I fiori del raggio sono femminili, ma hanno soprattutto la funzione di attrarre l’attenzione dell’impollinatore, come i petali di un singolo fiore. All’interno dell’anello si trovano 50-100 fiori bisessuali, detti fiori del disco, con corolla tubulosa a cinque lobi, lunga circa 0,6 cm, di colore giallo o arancio.

I frutti, contenenti un solo seme e chiamati acheni (o più correttamente cipsele) nelle Compositae, sono sottili, lunghi circa 0,6 cm, di colore nero, sormontati dal pappo, il calice modificato del fiore che ha la funzione di favorire la dispersione, costituito da scaglie di cui una appuntita, lunga 0,6-0,7 cm, e le altre distinte o unite alla base, oblunghe o lineari, lunghe 0,2-0,4 cm.

Si riproduce facilmente per seme, che germina mediamente in 10 giorni alla temperatura di 18-20 °C. La semina può essere effettuata a fine inverno in ambiente protetto, posizionando il seme nel terriccio a una profondità di 0,5-1 cm, o direttamente a dimora in primavera; la fioritura inizia in giugno-luglio, secondo l’epoca di semina e il clima, e perdura fino al tardo autunno. Si autodissemina con facilità, tanto da diventare in qualche caso infestante. Introdotta in Spagna nella metà del XVI secolo, si è diffusa prima in Francia e successivamente in Gran Bretagna (da qui il nome comune “french marigold” con cui è nota nei paesi anglofoni) e nel resto d’Europa e Stati Uniti. Insieme alla Tagetes erecta è una delle piante annuali da fiore più facili da coltivare, popolarissima in particolare dall’800 fino alla seconda metà del ‘900, ideale per chi inizia ad appassionarsi al giardinaggio.

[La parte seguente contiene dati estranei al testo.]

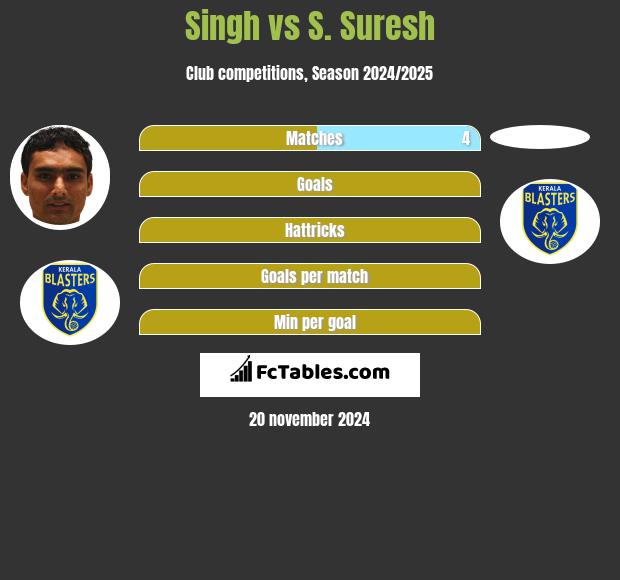 Singh vs S. Suresh h2h player stats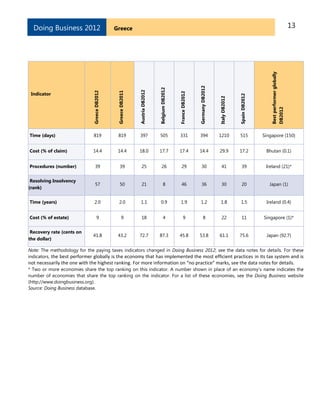 13GreeceDoing Business 2012
Indicator
GreeceDB2012
GreeceDB2011
AustriaDB2012
BelgiumDB2012
FranceDB2012
GermanyDB2012
ItalyDB2012
SpainDB2012
Bestperformerglobally
DB2012
Time (days) 819 819 397 505 331 394 1210 515 Singapore (150)
Cost (% of claim) 14.4 14.4 18.0 17.7 17.4 14.4 29.9 17.2 Bhutan (0.1)
Procedures (number) 39 39 25 26 29 30 41 39 Ireland (21)*
Resolving Insolvency
(rank)
57 50 21 8 46 36 30 20 Japan (1)
Time (years) 2.0 2.0 1.1 0.9 1.9 1.2 1.8 1.5 Ireland (0.4)
Cost (% of estate) 9 9 18 4 9 8 22 11 Singapore (1)*
Recovery rate (cents on
the dollar)
41.8 43.2 72.7 87.3 45.8 53.8 61.1 75.6 Japan (92.7)
Note: The methodology for the paying taxes indicators changed in Doing Business 2012; see the data notes for details. For these
indicators, the best performer globally is the economy that has implemented the most efficient practices in its tax system and is
not necessarily the one with the highest ranking. For more information on “no practice” marks, see the data notes for details.
* Two or more economies share the top ranking on this indicator. A number shown in place of an economy’s name indicates the
number of economies that share the top ranking on the indicator. For a list of these economies, see the Doing Business website
(http://www.doingbusiness.org).
Source: Doing Business database.
 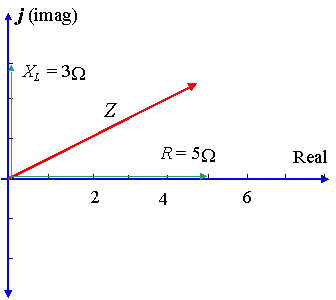 Complex numbers application - circuits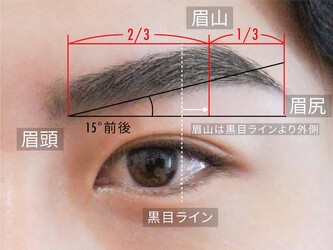 メンズ美容室 AnOther HAIRSALON 大倉山 | 日吉のヘアサロン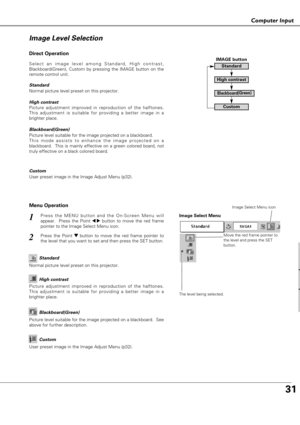 Page 3131
Co pute put
Computer Input
Press the MENU button and the On-Screen Menu will
appear.  Press the Point 
7 8button to move the red frame
pointer to the Image Select Menu icon.1
2Press the Point d dbutton to move the red frame pointer to
the level that you want to set and then press the SET button.Move the red frame pointer to
the level and press the SET
button.
The level being selected.
Image Select Menu
Normal picture level preset on this projector.Standard
High contrast
Picture level suitable for the...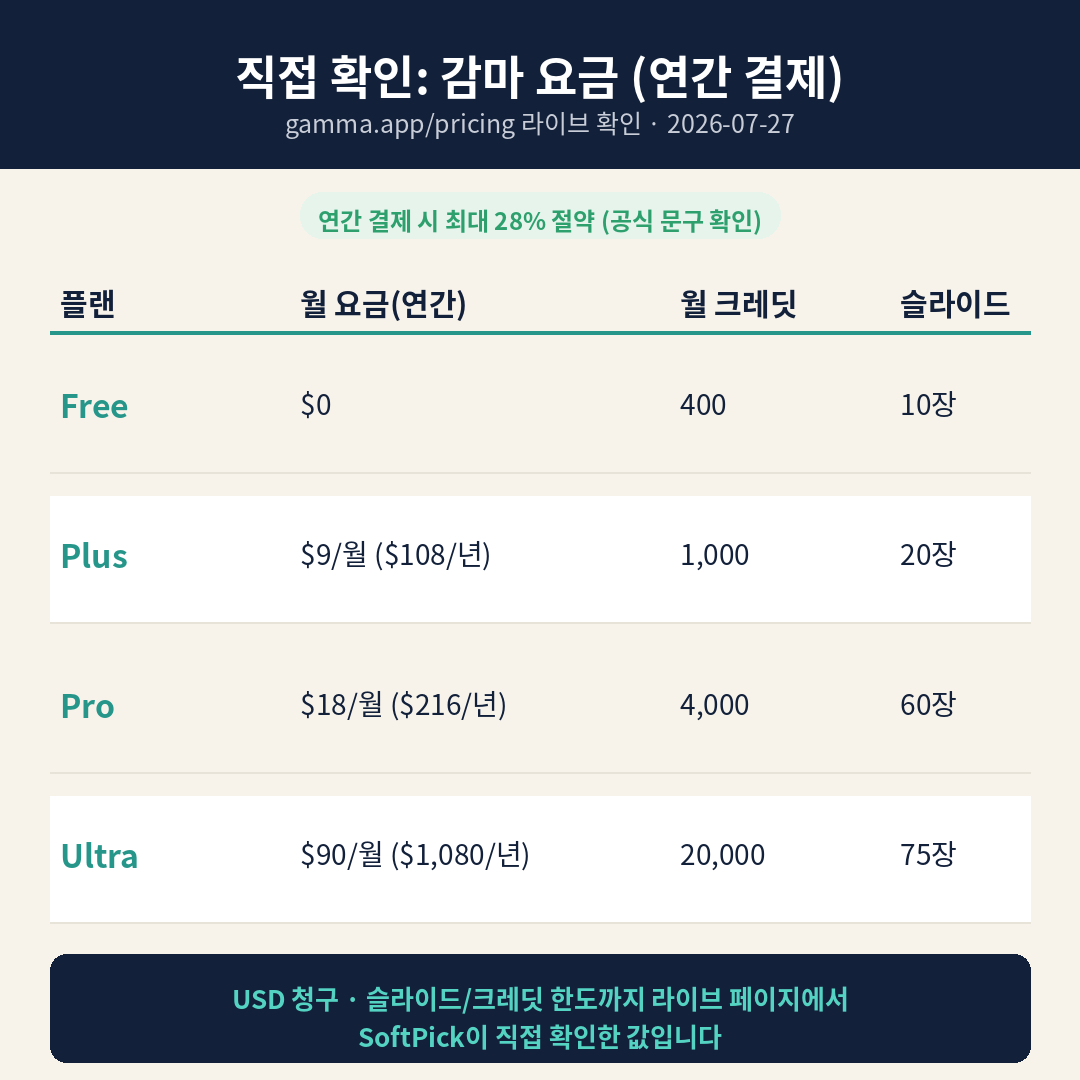 감마 요금 직접 확인 — Free $0, Plus $9, Pro $18, Ultra $90 (연간 결제)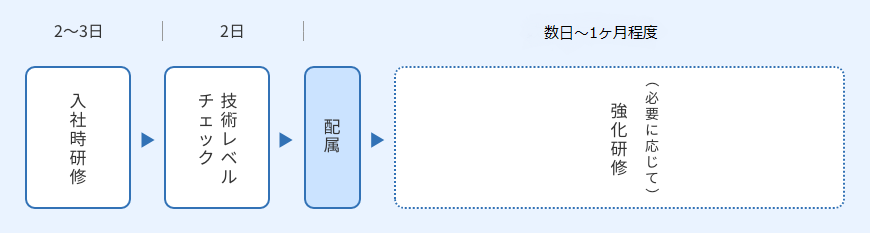 キャリア採用向け研修日程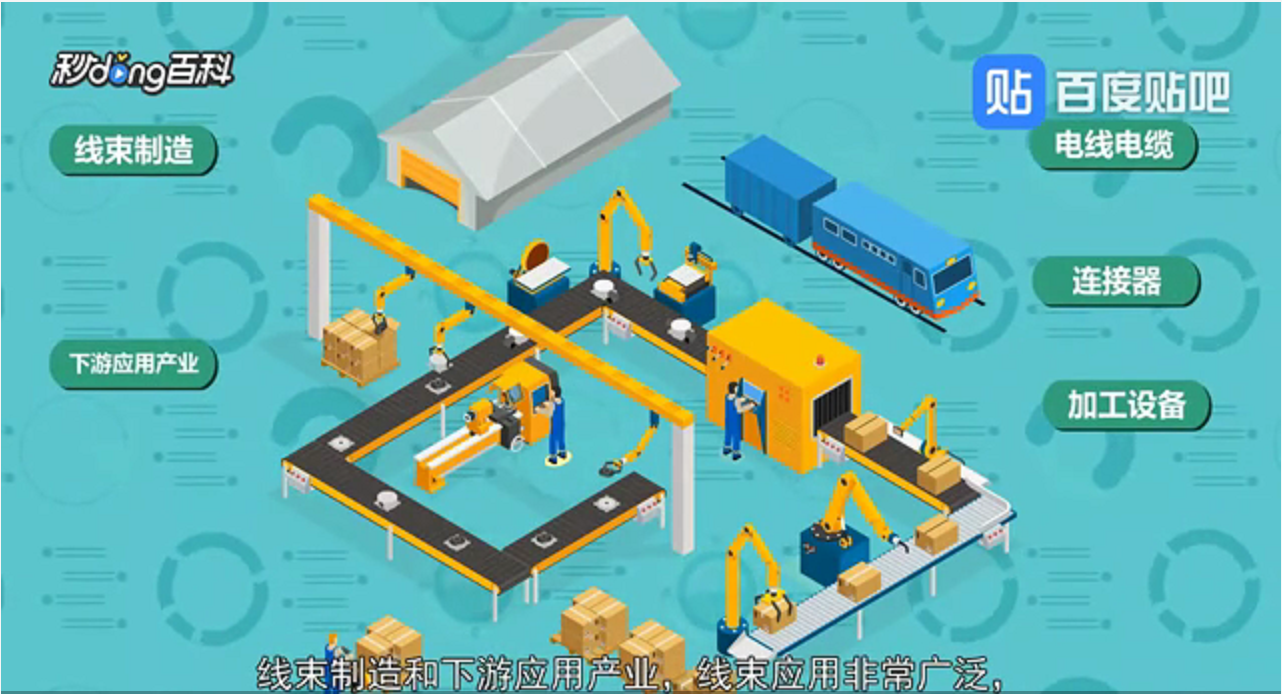 一分鐘帶你了解汽車線束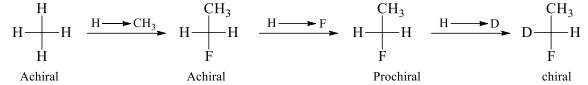 R, S Nomenclature of Enantiomers, Diastereomers & Topicity | Organic Chemistry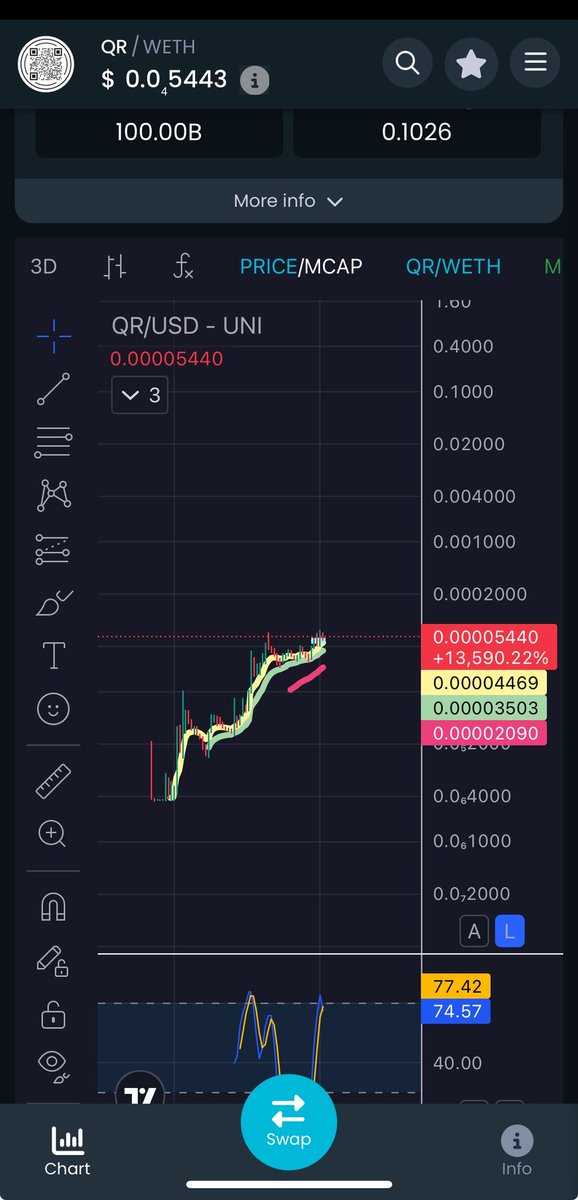 Gm

Especially to other fellow sophisticated investors of $QR

It’s kind of nice max bidding a project that generates daily revenue of over 1k with 0 overhead 

And the leader in the attention economy on farcaster and base app

Revenue only going to continue to grow as market
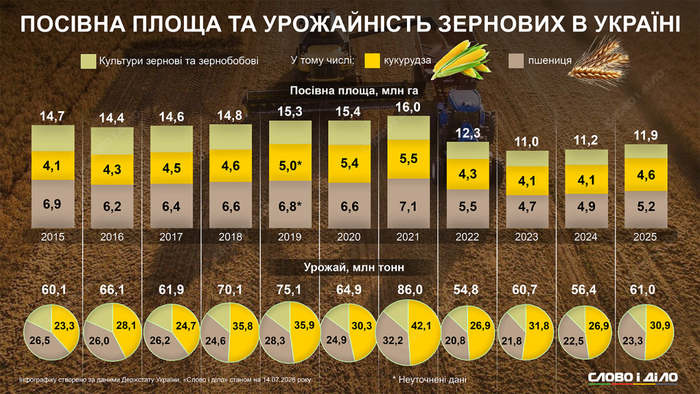 інфографіка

Si adatta a qualsiasi tipo di suolo, anche povero, sia pure con una preferenza per quelli argillosi, leggeri e drenati, in pieno sole o con almeno una durata di insolazione superiore a sei ore giornaliere; può essere coltivata in tutti i climi, ad eccezione naturalmente di quelli polari, trattandosi di una specie annuale, ma i migliori risultati si hanno nei climi temperati, le elevate temperature, infatti, rallentano la vegetazione e influiscono negativamente sulla fioritura.

Il portamento basso e compatto, la profusione di fiori dalla calda tonalità, la durata della fioritura e la disponibilità di varietà con diverse combinazioni di colore, offrono innumerevoli possibilità di utilizzo nei giardini di ogni dimensione, per bordure, roccaglie, aiole o come tappezzante. In vasi o cassette, anche sospesi, è una specie da non sottovalutare per la decorazione di balconi, terrazze e verande.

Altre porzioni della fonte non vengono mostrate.